2.1. Popüler Kültür ve Sınıflandırması

2.1.3. Bir Anlam ve Kimlik Üreticisi Olarak Popüler Kültür

2.1.3.2. Popüler Kültür ve Kimlik

38 Kendimizi öğrenci, evlat ya da doktor olarak tanımladığımızdaki biz farklı, genel özelliklerimizle “ben kimim” sorusuna verdiğimiz cevap farklı olacaktır. Tüm bunlardan ne anlıyoruz? (1) kimlik kesin sınırlarla çizebileceğimiz bir olgu değildir, (2) ana ve duruma bağlı olarak farklı kimlik tanımları mümkündür, (3) kimlikler değişkendir ve zaman içinde farklılık gösterebilir, (4) bir grup ya da sınıf içinde kendimizi tanımlarken, o grubun/sınıfın dinamikleri ve hiyerarşik yapısını tanımlamadan aidiyetimizi tam olarak tanımlayamayız ve (5) kimlik bir kavram olarak birden fazla anlama gelebilir ve tüm tanımları kendi içinde doğrudur çünkü kimlik bir anlatıdır ve zaman içinde bizim anlatıyı yaşama ve aktarma biçimlerimiz de farklı olacaktır.

39 3. Kişi normu uygular çünkü aksi taktirde onaylanmayacaktır (ya da ödüllendirilmeyecektir). Örneğin bir barmen, ücretini alabilmek için normu yerine getirebilir.

4. Kişi normu yerine getirir çünkü davranışı iletişim kurmak ya da etkileşime girmek istediği kişilerce anlaşılmayabilir.

5. Kişi bazı durumlarda bildiği tek yol bu olduğundan normu uygulayabilir – eğer farklı şekilde davranması istenirse, sonsuz sayıdaki olasılıklardan hangisini seçeceğini bilemeyebilir. (Fearon, 1999, ss. 28–29)

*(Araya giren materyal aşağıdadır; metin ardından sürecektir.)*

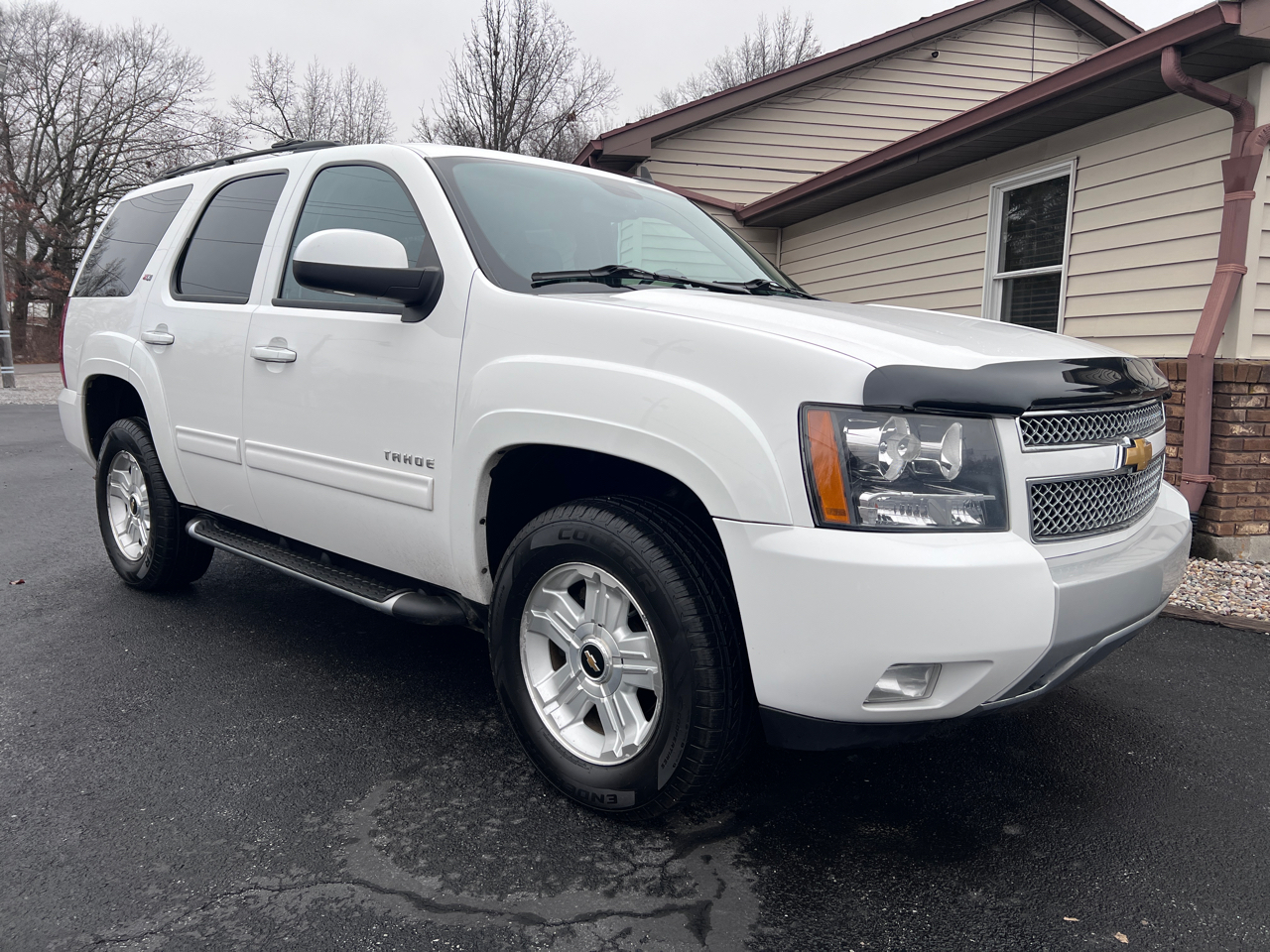 Chevrolet Tahoe Z71 4D SUV 4WD 2011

Konu popüler kültür ve buna dayalı tüketim olduğunda ise kişi, kişisel ve sosyal varlığını üretebilmek ve sürdürebilmek için, çoğunlukla ideolojik olarak kendine sunulan ürünü tüketmeli, bir tür aidiyet hissi geliştirmeli ve ‘modern’ bir duruş sergileyebilmelidir. (Bunun tam tersi olarak popüler kültür ürününü seçmemiş olsa bile, seçilen şey yine ideolojiktir ve kişinin kim olduğunun ve hangi sosyal çevrede var olmaya çalıştığının göstergesidir. Dönem dönem oluşan alt kültürler buna örnek olabilir). Bu arayışın ortaya çıkmasının asıl nedeni popüler kültürün kimlik sorununu farklı şekilde perçinlemesidir çünkü bizi gruplar içerisinde de olsa daha bireysel varlıklar haline getirmiştir. Bu duruma Türkiye üzerinden bakarsak, İngilizce şarkılara eşlik edebilen, McDonalds’ta ‘takılabilen’, ünlü markaların kıyafetlerini giyebilen, üst orta sınıfın birçok ayrıcalığını yakalayabilmiş olan özne modern ya da çağın gereklerini yerine getirebilen iken, “farklı” müzikler dinlemeyi yeğleyen, popüler kültür ürünlerine bir ihtimalle maddi imkansızlıklar, bu ürünleri tercih etmeme ya da modern şehirlerden uzak olması dolayısıyla erişemeyen, hatta bazen bunlardan haberdar bile olmayan ve bu kültürü bir şekilde içselleştiremeyen özne ya modern olana ayak uyduramamış ya gerici ya da otantik olarak etiketlenecektir. Gülriz Büken “Amerikan Popüler Kültürünün Türkiye’de Yayılışına Karşı Tepkisel Düşünceler” adlı makalesinde bu ayak uyduramayıştan doğan bir alt popüler kültürden şöyle bahseder:

40 Amerikanlaşma sürecinin marjinal sosyo-ekonomik ürünleri olan kitsch ve arabesk olguları, Amerikan popüler kültürüne tepki olarak ortaya çıktı. Arabesk, 1975-1980 döneminden sonra taşradan kent merkezlerine göç eden ve kentlerin yeni burjuva manzarasına uymakta zorluk çekenlerin yaşam tarzlarını tanımladı.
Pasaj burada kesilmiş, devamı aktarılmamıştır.